Le sujet de la décarbonation se prête d’autant plus à des approches collaboratives que les problématiques de l’agriculture durable sont « compliquées », indique Mathieu Tournat. « Chaque client va avoir ses angles et ses problématiques spécifiques » selon ce qu’il produit, comment et où il le produit. Des situations pour lesquelles les offres standards sont peu adaptées, nécessitant au contraire beaucoup de flexibilité, de sur-mesure. Et dans ce domaine, le consortium bénéficie aussi de l’aura du Made in. « On mise aussi sur la carte de la crédibilité européenne et française », indique Olivier Clech.

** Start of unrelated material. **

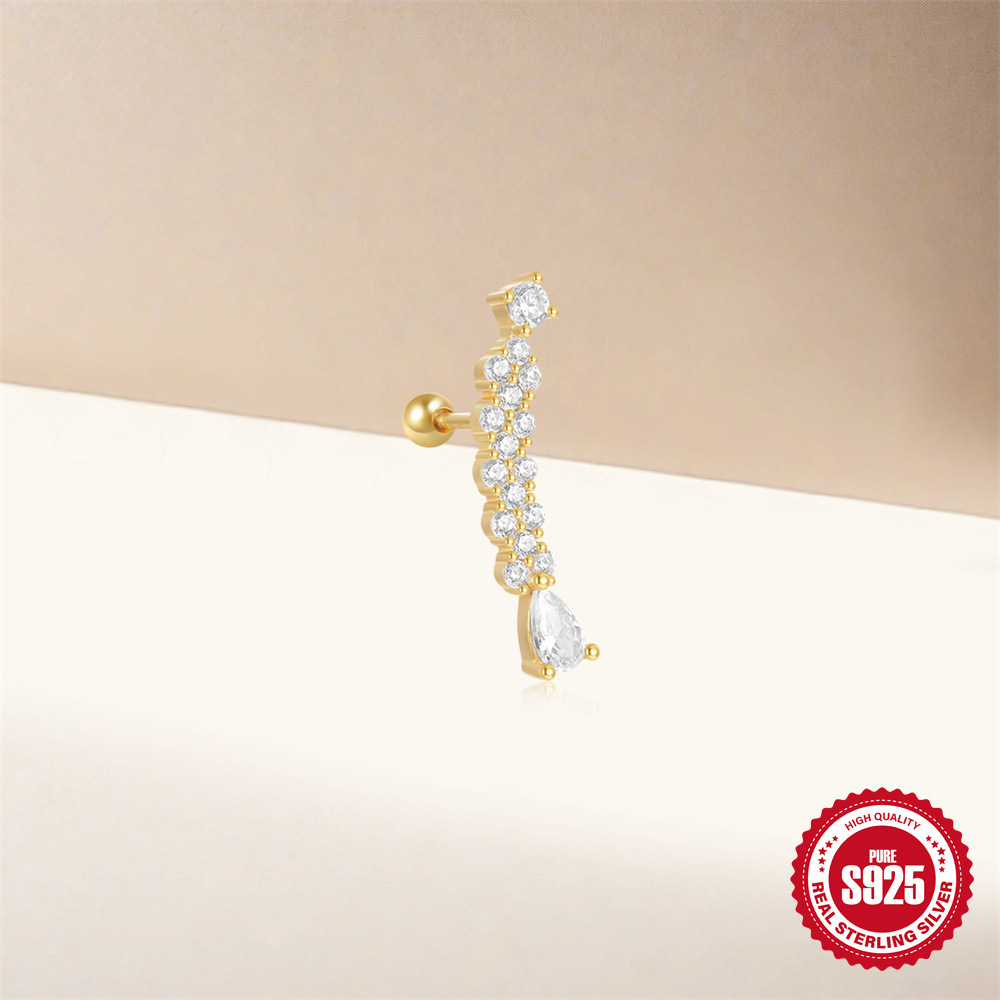 1g Weight 925 Sterling Silver Ear Needle Material 18K Gold Plated Plating Material Drop Earrings, Ear Studs Classification 1 Piece Quantity Holiday, Party Occasion 925 Sterling Silver Material Geometric Pattern All Seasons Season Unisex Gender Simple Style, Classic Style Style 1 Piece 18K Gold Plated 925 Sterling Silver 925 Sterling Silver Earrings Geometric Drop Earrings Ear Studs 29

« On était en phase d’organisation mais on va passer à un mode plus actif et faire connaître nos solutions » souligne encore Olivier Clech. Le marché est porteur : partout dans le monde, éleveurs et agriculteurs cherchent des solutions pour réduire l’empreinte carbone de leurs exploitations. Les multinationales de l’alimentation font pression, à l’instar de Mc Donald qui, en augmentant ses exigences en matière de décarbonation des composants de ses sandwichs, « font bouger les choses y compris dans des pays encore peu sensibilisés à ces problématiques ». « En Corée du Sud, au Vietnam, ils vont très vite pour réduire la production de méthane entérique » illustre Mathieu Tournat.
Une des prochaines étapes, passée cette phase de recrutement et de structuration, sera d’examiner les leviers des aides à l’export susceptibles d’aider à faire aboutir des projets. Le consortium s’intéresse notamment au Fasep (Fonds d’aide au secteur privé), mécanisme géré par la DG Trésor qui finance des études de faisabilité et des démonstrateurs. Mais ce n’est pas encore à l’ordre du jour.
De quoi nourrir durablement les ambitions du consortium.